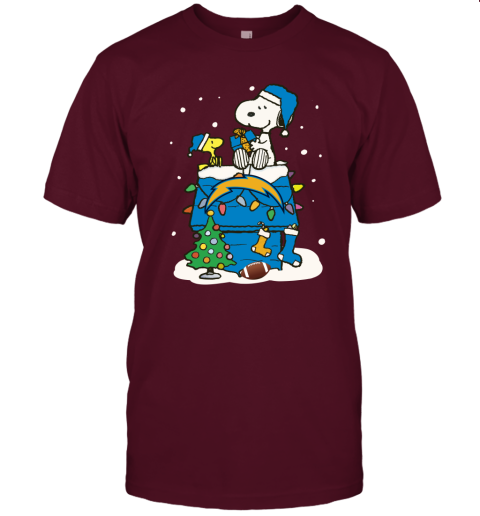 A Happy Christmas With Los Angeles Chargers Snoopy Unisex Jersey Tee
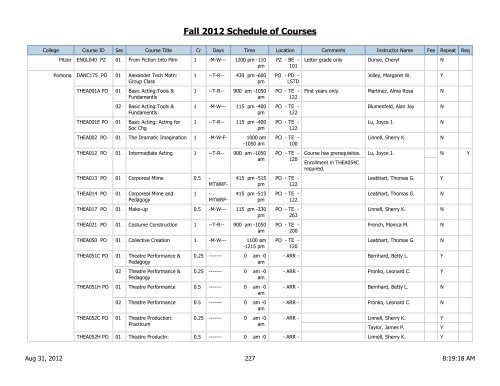 Fall 2012 Schedule of Courses - Scripps College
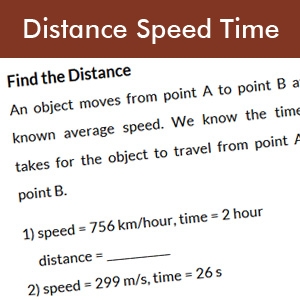 distance time and speed worksheet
***
**TASK TO COMPLETE:** Go through the data above and transcribe it in full, omitting any image.

**EXERCISE ANSWER:**
 A Happy Christmas With Los Angeles Chargers Snoopy Unisex Jersey Tee
 Fall 2012 Schedule of Courses - Scripps College
 distance time and speed worksheet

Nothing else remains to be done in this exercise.